Updated on 2024-08-08 GMT+08:00

Sharding

You can shard a large-size collection for a sharded cluster instance. Sharding distributes data across different machines to make full use of the storage space and compute capability of each shard.

Number of Shards

The following is an example using database mytable, collection mycoll, and the field name as the shard key.

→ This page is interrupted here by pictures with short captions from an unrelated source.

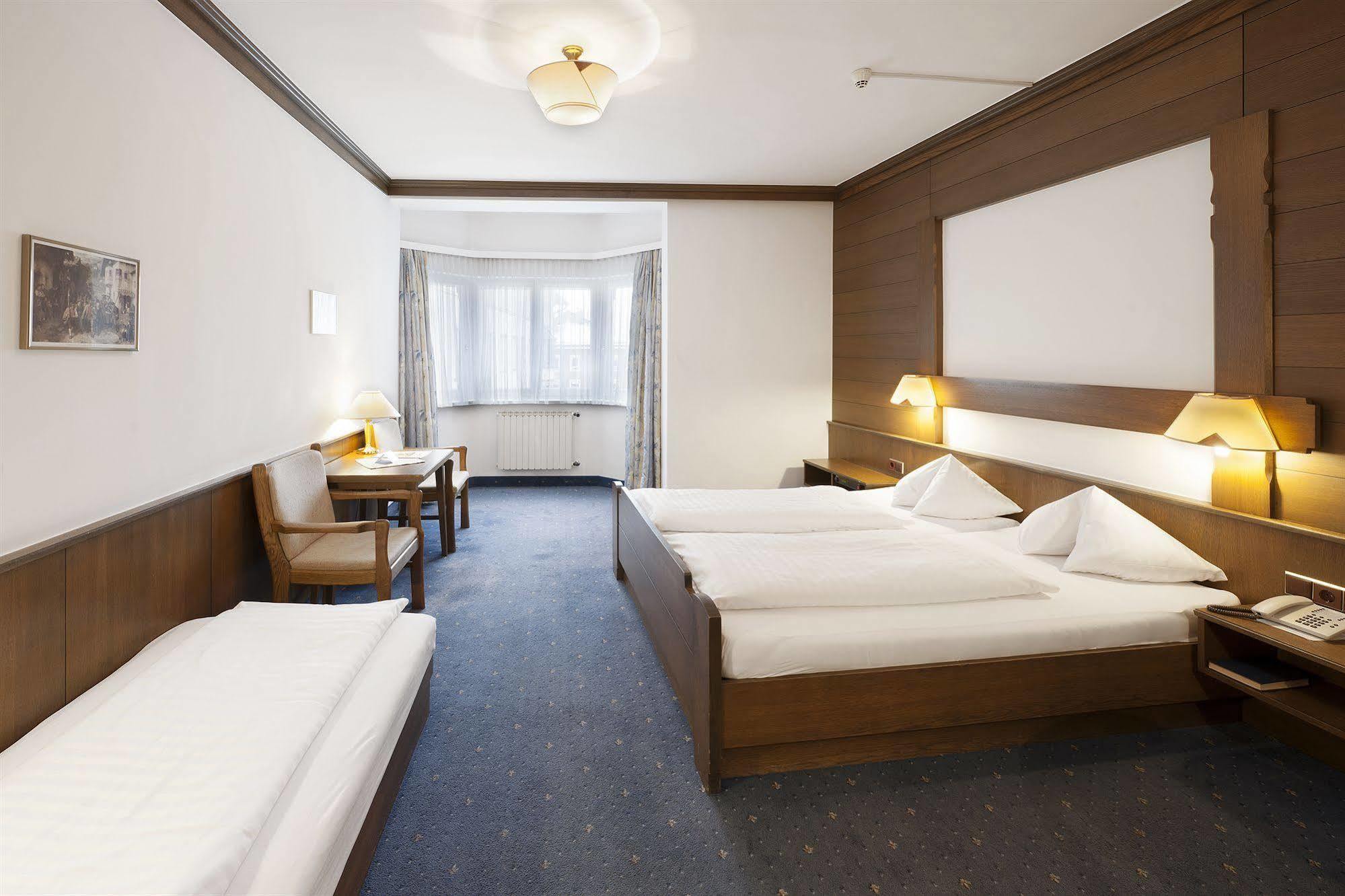 קופשטיין Hotel Goldener Loewe מראה חיצוני תמונה
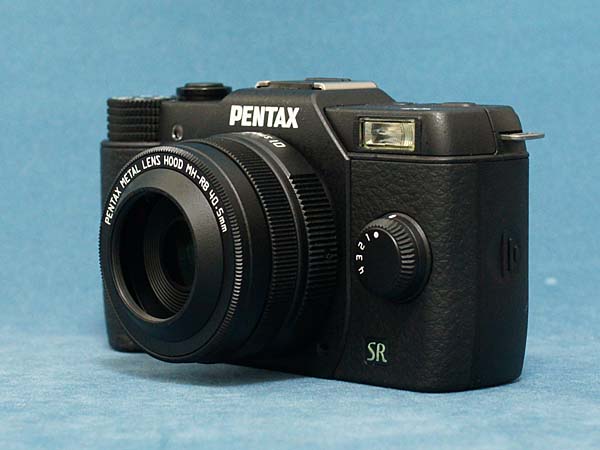 ペンタックス PENTAX 01 STANDARD PRIME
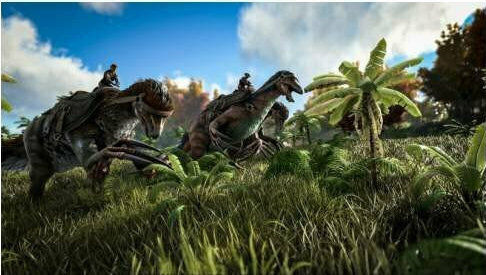 Ark Ultimate Survivor Edition PS4 Game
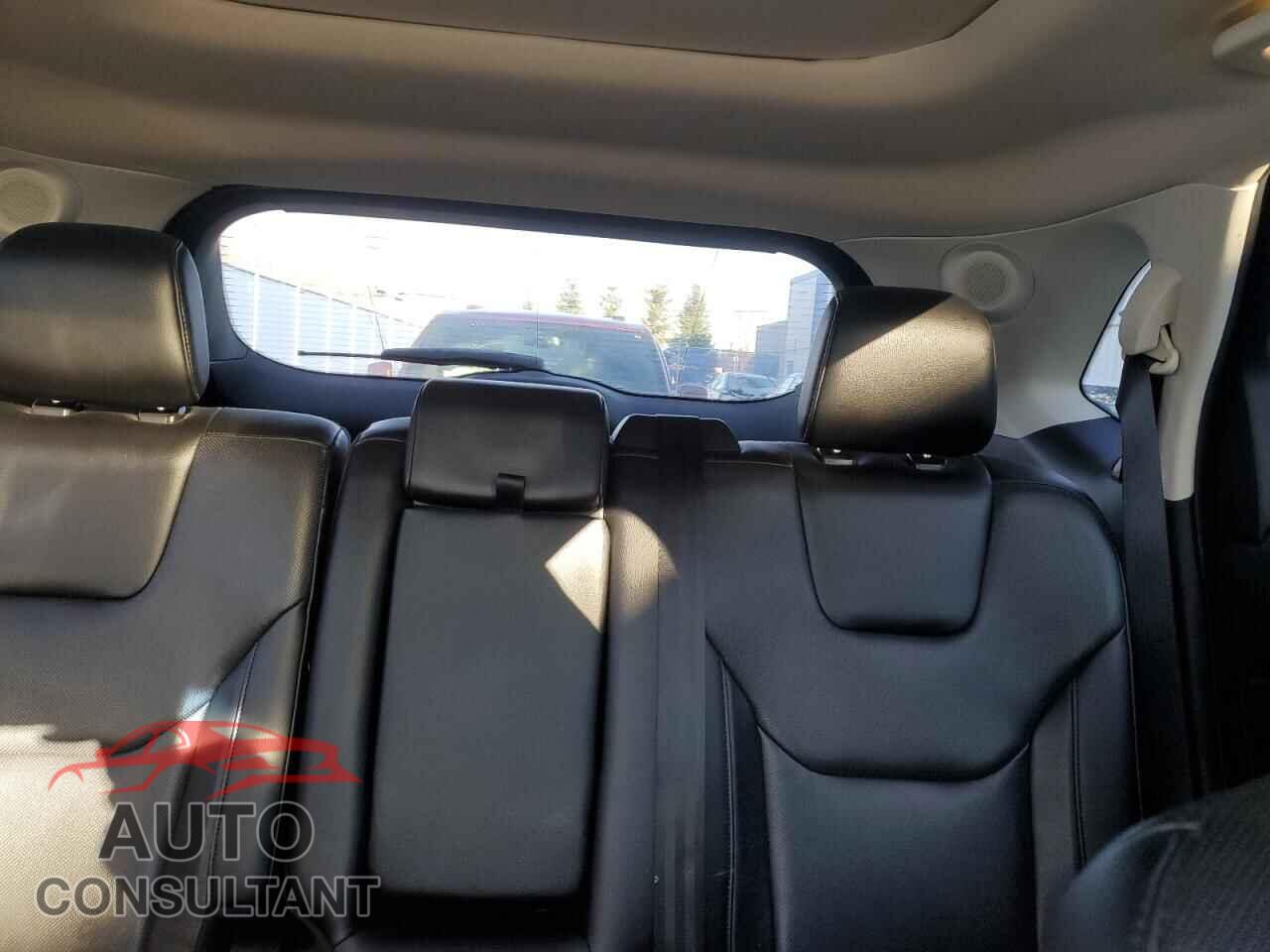 FORD EDGE 2020 - 2FMPK4K95LBA77182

  1. Log in to a sharded cluster instance using Mongo Shell.
  2. Check whether a collection has been sharded.

    use <database>
    db.<collection>.getShardDistribution()

    Example:

    use mytable
    db.mycoll.getShardDistribution()

  3. Enable sharding for the databases that belong to the cluster instance.

    • Method 1
      sh.enableSharding("<database>") 

      Example:

      sh.enableSharding("mytable")
    • Method 2
      use admin 
      db.runCommand({enablesharding:"<database>"})

  4. Shard a collection.

    • Method 1
      sh.shardCollection("<database>.<collection>",{"<keyname>":<value> })

      Example:

      sh.shardCollection("mytable.mycoll",{"name":"hashed"},false,{numInitialChunks:5})
    • Method 2
      use admin
      db.runCommand({shardcollection:"<database>.<collection>",key:{"keyname":<value> }})
    Table 1 Parameter description

    Parameter

    Description

    <database>

    Database name

    <collection>

    Collection name.

    <keyname>

    Shard key.

    Cluster instances are sharded based on the value of this parameter. Select a proper shard key for the collection based on your service requirements. For details, see Selecting a Shard Key.

    <value>

    The sort order based on the range of the shard key.
    • 1: Ascending indexes
    • -1: Descending indexes
    • hashed: indicates that hash sharding is used. Hashed sharding provides more even data distribution across the sharded cluster.

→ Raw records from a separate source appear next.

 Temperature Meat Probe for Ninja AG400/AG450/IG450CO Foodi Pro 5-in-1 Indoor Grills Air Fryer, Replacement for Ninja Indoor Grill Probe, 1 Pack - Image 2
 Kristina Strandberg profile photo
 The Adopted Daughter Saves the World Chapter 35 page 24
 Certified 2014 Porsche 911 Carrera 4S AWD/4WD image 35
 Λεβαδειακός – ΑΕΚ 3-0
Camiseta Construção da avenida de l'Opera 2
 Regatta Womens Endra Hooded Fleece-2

    For details, see sh.shardCollection().

    numInitialChunks

    Optional. The minimum number of shards initially created is specified when an empty collection is sharded using a hashed shard key.

  5. Check the data storage status of the database on each shard.

    sh.status()

    Example:

Selecting a Shard Key

  • Background

    Each sharded cluster contains collections as its basic unit. Data in the collection is partitioned by the shard key. Shard key is a field in the collection. It distributes data evenly across shards. If you do not select a proper shard key, the cluster performance may deteriorate, and the sharding statement execution process may be blocked.

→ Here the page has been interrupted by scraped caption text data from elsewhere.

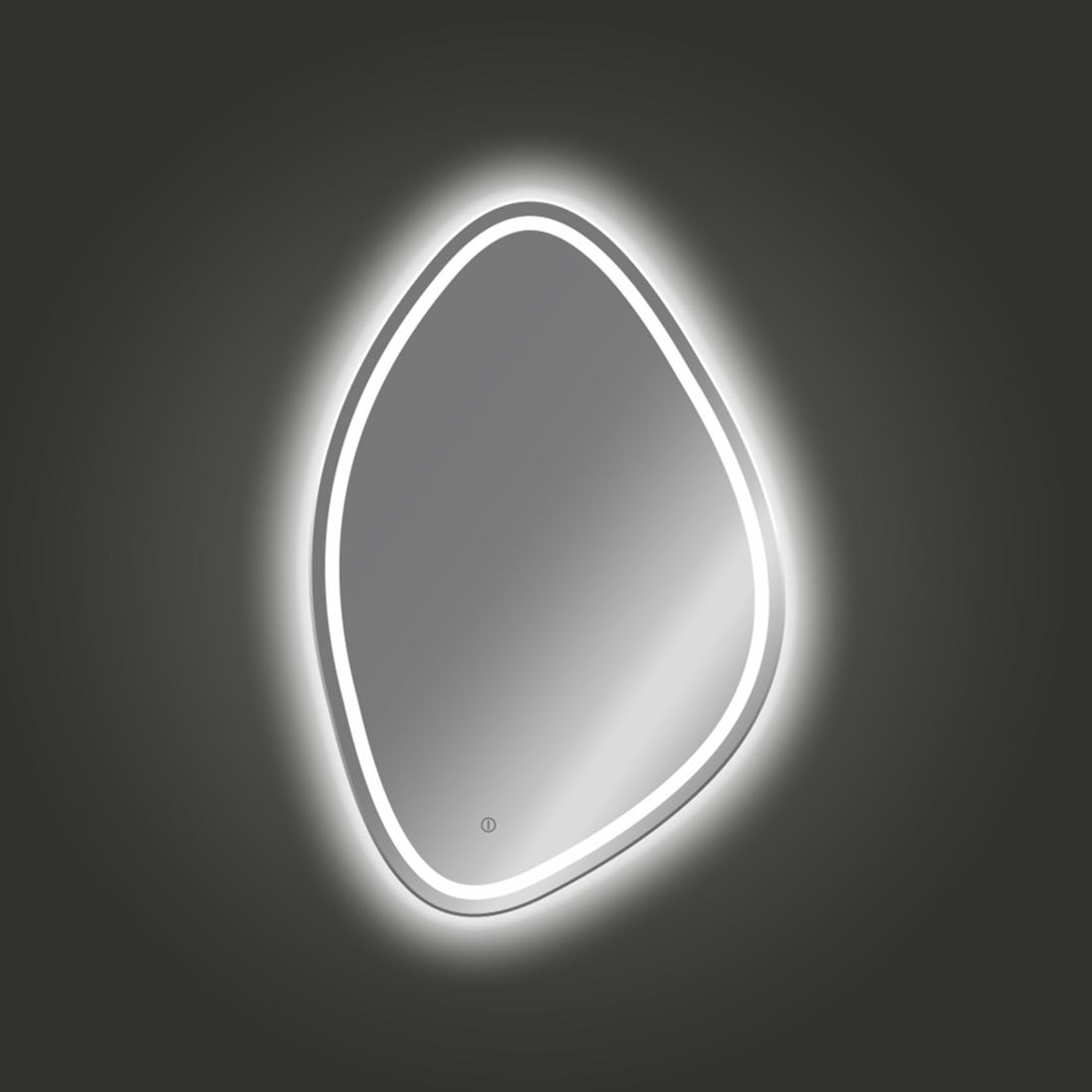Lady led ogledalo 60×80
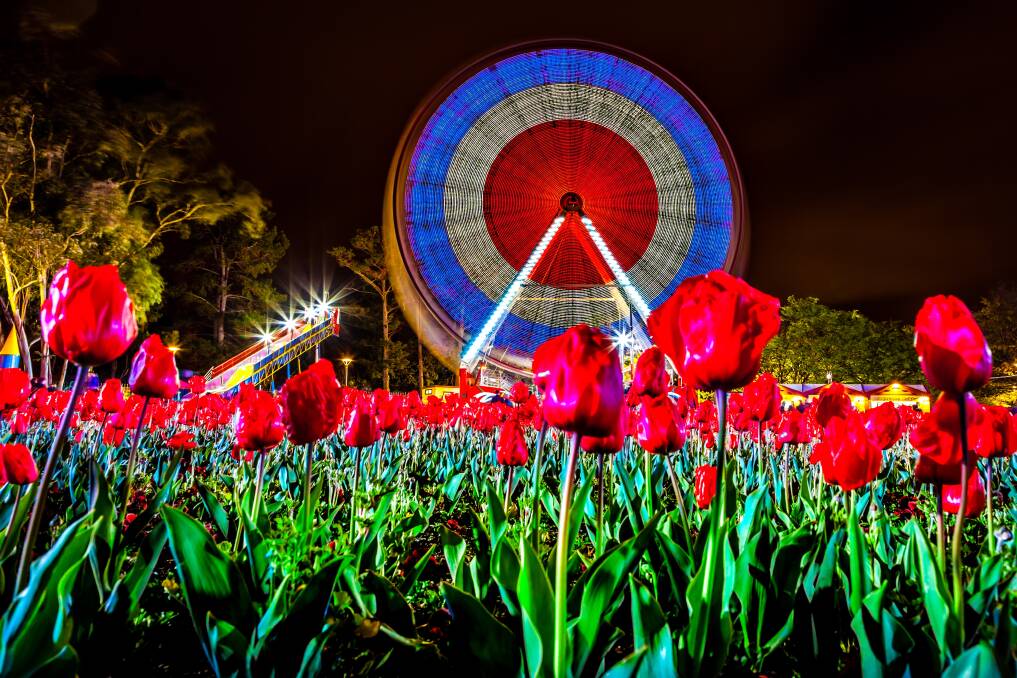 Floriade has been cancelled this year for the first time in its 32-year history. Picture: Supplied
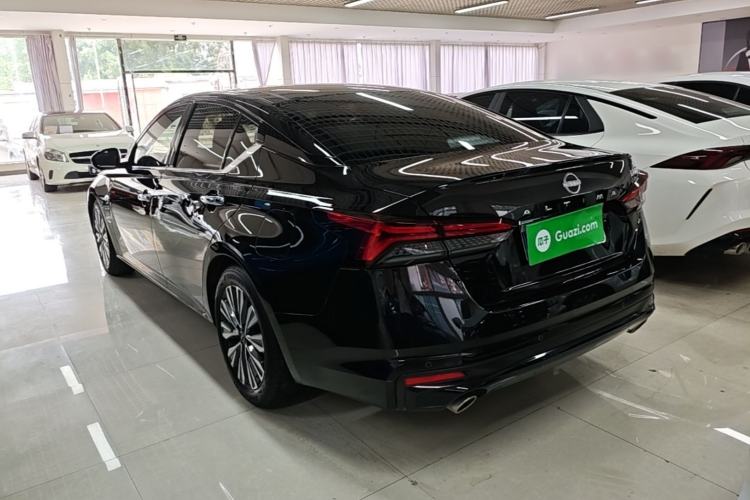 Used Nissan Teana 2022 2.0L XL-TLS Enjoyment Edition Rear Left 45 Deg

    Once the shard key is determined it cannot be changed. If no shard key is suitable for sharding, you need to use a sharding policy and migrate data to a new collection for sharding.

  • Characteristics of proper shard keys
    • All inserts, updates, and deletes are evenly distributed to all shards in a cluster.
    • The distribution of keys is sufficient.
    • Rare scatter-gather queries.

    If the selected shard key does not have all the preceding features, the read and write scalability of the cluster is affected. For example, If the workload of the find() operation is unevenly distributed in the shards, hot shards will be generated. Similarly, if your write load (inserts, updates, and deletes) is not uniformly distributed across your shards, then you could end up with a hot shard. Therefore, you need to adjust the shard keys based on service requirements, such as read/write status, frequently queried data, and written data.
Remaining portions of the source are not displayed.